Кенар и вьюга | страница 132
— Мы и сейчас на большой арене, — сказал Джео, — и за нами следят ненасытные глаза, но ты знаешь, они видят лишь наши тени: слишком далеко загнали нас и сами теперь нас не могут распознать, а собак спустить еще не решаются…
— Мне страшно, зачем ты так говоришь?
— Прости, сам не знаю, что на меня нашло, должны же мы в конце концов найти выход, а ты продолжай, говори, я люблю тебя слушать…
— Брось, я не умею рассказывать, сам знаешь… Так вот, герой вкопал в песок кадку, над которой натянул целлофановую пленку, как кожу на барабане. Ночью песок дышал паром, и вода, как пот, скапливалась на целлофановой пленке и капала в кадку. Не сделать ли и нам нечто подобное, если придется заночевать на пляже?.. Потом женщина заболела, и крестьяне, вытащив ее, чтоб отвести к врачу, забыли веревочную лестницу, по которой пленник мог выбраться, но он не убежал, он научился добывать воду для людей и считал себя свободным…

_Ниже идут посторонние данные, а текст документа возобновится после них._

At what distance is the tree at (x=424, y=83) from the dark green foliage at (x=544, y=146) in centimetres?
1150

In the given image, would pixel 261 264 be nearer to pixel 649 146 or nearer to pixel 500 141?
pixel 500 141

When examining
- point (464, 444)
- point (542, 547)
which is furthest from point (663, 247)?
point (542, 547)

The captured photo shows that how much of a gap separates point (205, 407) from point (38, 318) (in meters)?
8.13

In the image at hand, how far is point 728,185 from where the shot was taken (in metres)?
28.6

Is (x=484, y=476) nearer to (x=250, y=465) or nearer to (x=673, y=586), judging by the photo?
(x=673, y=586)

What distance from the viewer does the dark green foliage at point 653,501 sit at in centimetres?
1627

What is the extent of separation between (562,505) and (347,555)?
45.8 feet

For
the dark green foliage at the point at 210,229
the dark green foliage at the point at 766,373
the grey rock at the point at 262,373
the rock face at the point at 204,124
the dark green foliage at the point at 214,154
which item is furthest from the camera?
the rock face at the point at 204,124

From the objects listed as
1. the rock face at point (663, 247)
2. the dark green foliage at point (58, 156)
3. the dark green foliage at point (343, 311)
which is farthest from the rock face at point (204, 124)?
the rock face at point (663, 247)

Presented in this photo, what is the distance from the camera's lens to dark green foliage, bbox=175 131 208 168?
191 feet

На следующий день художник отвез ее на «шевроле», побелевшем от морской соли, в ту церковь рядом с Топраисаром и показал, что написал кириллицей на страницах книги, которую держал в руках один из святых: «Свобода живет в сердцах людей. Если она перестает существовать в них, если умирает, никакая конституция, никакой закон и никакой судья не смогут ее спасти!»
— Это ты сочинил?
— Иногда и я мыслю…
— А зачем написал здесь?
— Чтобы не забыть…
Вспомнив об этом и еще о том, как обнял и поцеловал ее художник, а косые лучи света мягко струились сквозь церковные окна, Клара внезапно почувствовала, что ей нечем дышать, что она задыхается, будто железная лапа сдавила ей горло. Она попросила Клаудиу остановиться, и он, недоумевая, спросил:
— Тебе плохо?
— Наверное, от скорости…
— Если долго будем стоять, придется ехать еще быстрее.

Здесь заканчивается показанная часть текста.